Быстренько собрав свои вещички, и не переставая тараторить, он дружески поманил Гилленхарта за собой:

– Идём, дружище!

– Зачем далеко ходить? – удивился Юстэс. – Тут бы и поели!

Но низкорослый замахал руками:

– Не больно-то я уважаю местную кухню! Из чего только готовит их повар своё жаркое?

Протолкавшись через базарные ряды, – казалось, им не будет конца , – они добрались до невысокого приземистого строения. Из открытых окон доносилось звяканье посуды, нестройные голоса, смех, а запахи, витавшие в воздухе, показались вконец оголодавшему рыцарю более сладкими, нежели все ароматы райских кущ!

– Вот и добрались! Вот и славно!.. – бормотал маленький купец. – Вот тут-то мы и отдохнём… Идём же, дружище, идём!

Но Юстэс встал как вкопанный.

Недалеко от входа на большом камне сидел юноша, примерно одного с ним возраста. В руках у него был небольшой инструмент – что-то вроде бубна. Отбивая ритм, он пел…

О, как он пел!..

Голос певца то взлетал ввысь, то падал до низкой хрипящей ноты. Дрожащие горловые переливы, нарастая до звучания нечеловеческой силы, заставляли ощутить сладкую тоску – напев совсем не вязался с солнечным светом дня. Но печаль та была светла, как летний дождь: прошелестят капли – и будет радуга.

– О чём он поет? – тихо спросил Юстэс у одного из тех, кто так же замер подле певца, очарованный колдовством его голоса.

– О том, что никогда уже не повторится, и лучше чего никогда ничего не будет… – отвечал тот, не оборачиваясь, и глядя куда-то вдаль, словно там, подчиняясь магическому пульсу мелодии, роились какие-то видения.

Внезапно витиеватый рисунок песни нарушил противный короткий вой: поодаль стояла кучка волчьеголовых, – они тоже заслушались, и один из них, задрав острую морду к небу, вдруг заголосил, желая то ли поддержать певца, то ли посмеяться над ним. Его приятели – толпа из шести-семи широкоплечих громил, – тут же покатились со смеху, громко и визгливо.

– А ну-ка, давай еще, Ярым! – завопил кто-то из них. – Покажи ему, как надо!
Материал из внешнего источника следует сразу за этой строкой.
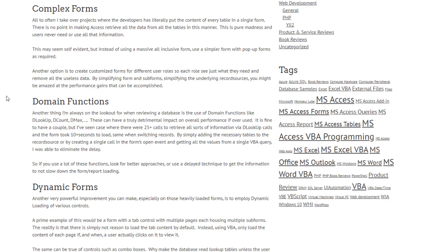Simplify those forms — make a form for the secretary, a form for the engineer, a form for the manager, that only pushes and pulls the information relevant to them. Nothing stops you from having buttons that pop up another form if they truly need to consult something on a rare basis. Show them what they need every day, and for rare cases provide that functionality separately. This also reduces distraction and improves overall user experience.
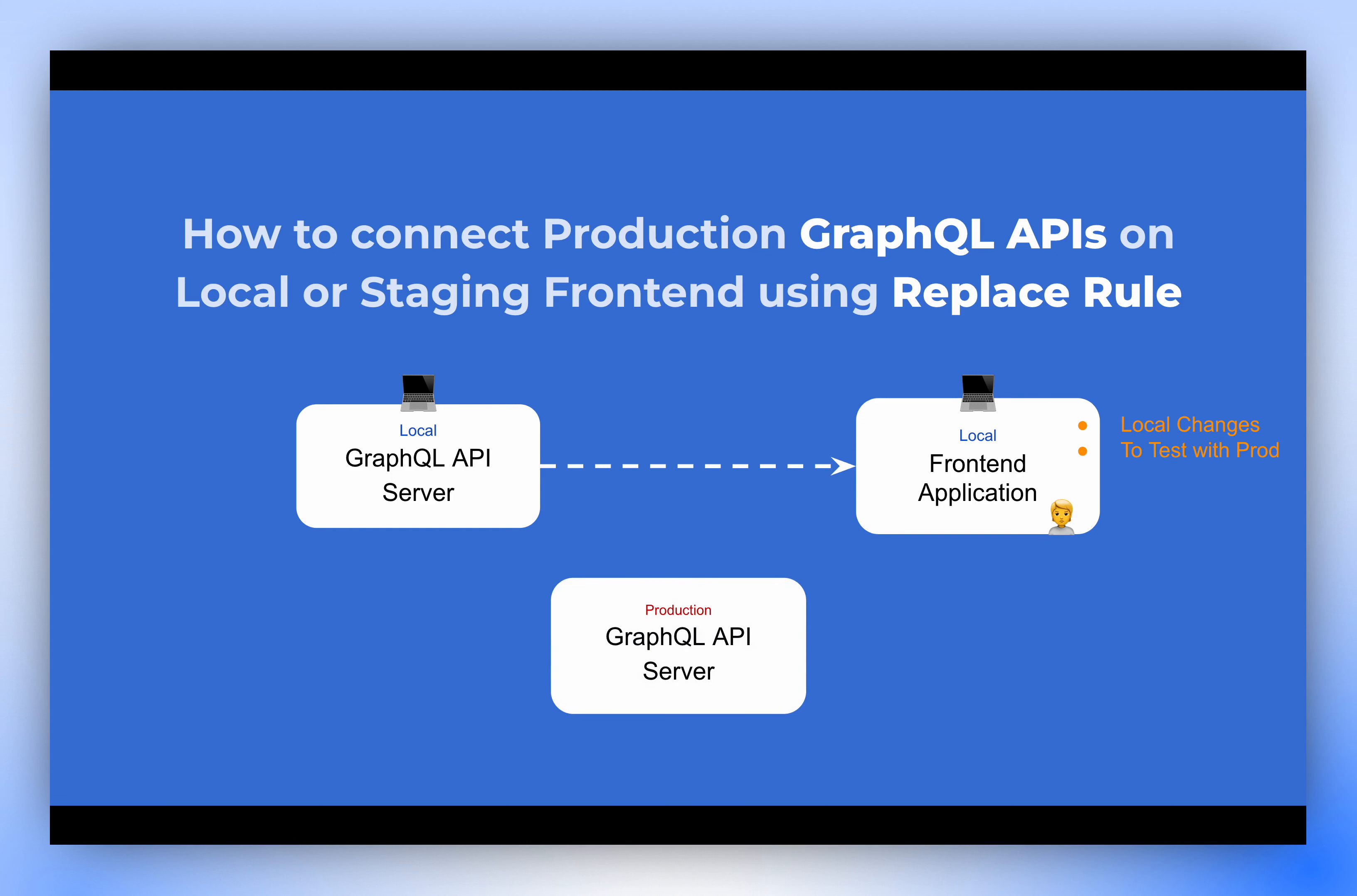Requestly enables you to make those changes and test them with production APIs with Replace Rule. You don't even need to deploy the GraphQL API server on your local machine.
Певец оборвал песню на полуслове и встал, устремив на насмешников ненавидящий взгляд. Ворон, сидевший у него на плече, слетел вниз и стал торопливо клевать мелкие монетки, щедро разбросанные слушателями по мостовой у камня. Вольфорраны продолжали изгаляться: теперь они выли уже хором, кто во что горазд, прерывая свое «пение» взрывами хохота и непристойными колкостями.

– Что ты примолк, соловушка? – крикнул один из них, видя, что певец убирает в дорожную суму свой инструмент. – Или мы тебе не ровня?

Певец отвернулся, пряча глаза, но настроение горластых молодцев резко переменилось: угрожающе скаля зубы, они дружно двинулись на него. Зеваки поспешно расступились, но не все: в городе многие недолюбливали вольфорранов, и кое-кто из людей сейчас был тоже не прочь почесать кулаки. Юстэс, помимо воли, оказался в самой гуще: завязавшаяся потасовка захватила и его. Он поймал сильный удар в ухо, от которого зазвенело в голове, и тут же его кулак ткнулся в чью-то волосатую скулу… Потом он увидел, как один из волчьеголовых вырвал из рук певца его котомку, и бросив наземь, занес над ней пудовый сапожище. Юстэс мгновенно подлетел к обидчику и уложил его ловким ударом.

– Дозорные!.. – истошный вопль быстро разрядил густую толпу.

Над головами дерущихся возникли серые тени. Народ бросился врассыпную: несколько человек забились в конвульсиях на земле, пытаясь вырваться из невидимых сетей. Юстэс почувствовал, что его схватили за руку: это был певец.